In [55]:
import pandas as pd
import numpy as np
import csv
pd.options.mode.chained_assignment = None 

Load the CSV in as a DataFrame

In [67]:
df = pd.read_csv('raw_data/2020.csv')
df.head()

Unnamed: 0,Rk,Nation,# Players,Min,List
0,1,eng England,249,274172.0,Harry Kane Patrick Bamford Ollie Watkins Jamie...
1,2,fr France,32,38786.0,Hugo Lloris Neal Maupay Lucas Digne Alexandre ...
2,3,es Spain,30,39874.0,Pablo Fornals Vicente Guaita Rodri Adama Traor...
3,4,ie Republic of Ireland,29,22244.0,David McGoldrick Enda Stevens John Egan Dara O...
4,5,br Brazil,26,41438.0,Roberto Firmino Richarlison Raphinha Ederson G...

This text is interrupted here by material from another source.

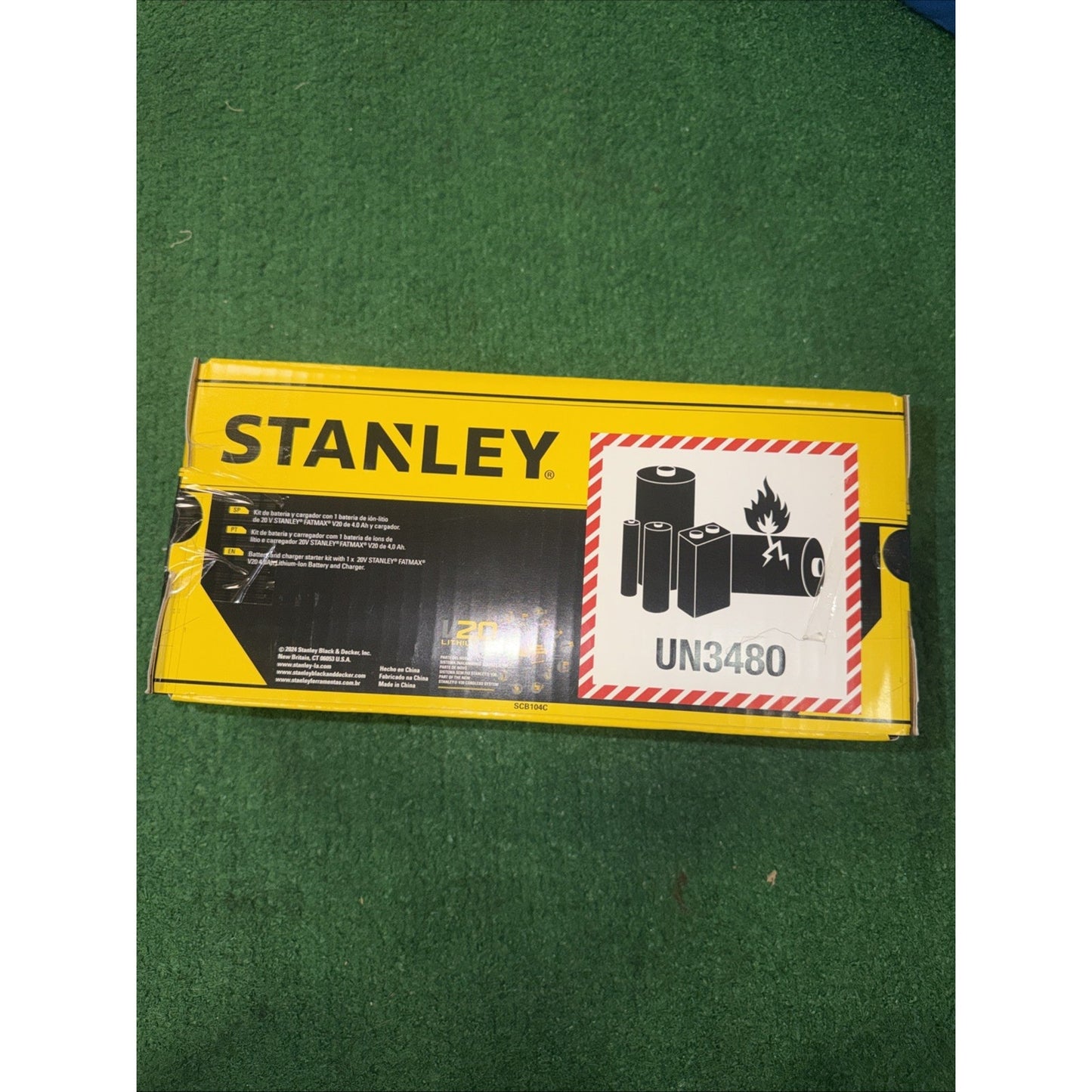 Yellow and black Stanley branded packaging box featuring a warning label for lithium-ion batteries with a flame symbol and UN3480 code on a green fabric background.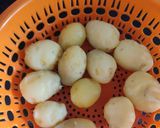 A picture of step 1 of Dum Aloo-.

We can see that the "Nation" column as the country abbreviation followed by the country name, so we can split that out into 2 separate columns, by separating on the first space (' ') value. 

In [68]:
abb = df['Nation'].apply(lambda x: x.split(' ', 1)[0])
df['Nation'] = df['Nation'].apply(lambda x: x.split(' ',1)[1])
df['Abbreviation'] = abb

In [69]:
df.head()

Unnamed: 0,Rk,Nation,# Players,Min,List,Abbreviation
0,1,England,249,274172.0,Harry Kane Patrick Bamford Ollie Watkins Jamie...,eng
1,2,France,32,38786.0,Hugo Lloris Neal Maupay Lucas Digne Alexandre ...,fr
2,3,Spain,30,39874.0,Pablo Fornals Vicente Guaita Rodri Adama Traor...,es
3,4,Republic of Ireland,29,22244.0,David McGoldrick Enda Stevens John Egan Dara O...,ie
4,5,Brazil,26,41438.0,Roberto Firmino Richarlison Raphinha Ederson G...,br


That worked, and now we can rearrange the columns. The List column has names without any separators between them - unfortunately, we can't fix this. We have no way of knowing which names are a first name and a surname, and which names have multiple spaces ("Van Persie") and which players go by one name ("Richarlison"). However, we will keep them as having a few recognizable names may help us or be of interest

In [70]:
df = df[['Rk', 'Nation', 'Abbreviation', '# Players', 'Min', 'List']]
df.rename(columns={'Min': 'Minutes', '# Players': 'Count', 'Rk': 'Rank'}, inplace=True)
df.head()

Unnamed: 0,Rank,Nation,Abbreviation,Count,Minutes,List
0,1,England,eng,249,274172.0,Harry Kane Patrick Bamford Ollie Watkins Jamie...
1,2,France,fr,32,38786.0,Hugo Lloris Neal Maupay Lucas Digne Alexandre ...
2,3,Spain,es,30,39874.0,Pablo Fornals Vicente Guaita Rodri Adama Traor...
3,4,Republic of Ireland,ie,29,22244.0,David McGoldrick Enda Stevens John Egan Dara O...
4,5,Brazil,br,26,41438.0,Roberto Firmino Richarlison Raphinha Ederson G...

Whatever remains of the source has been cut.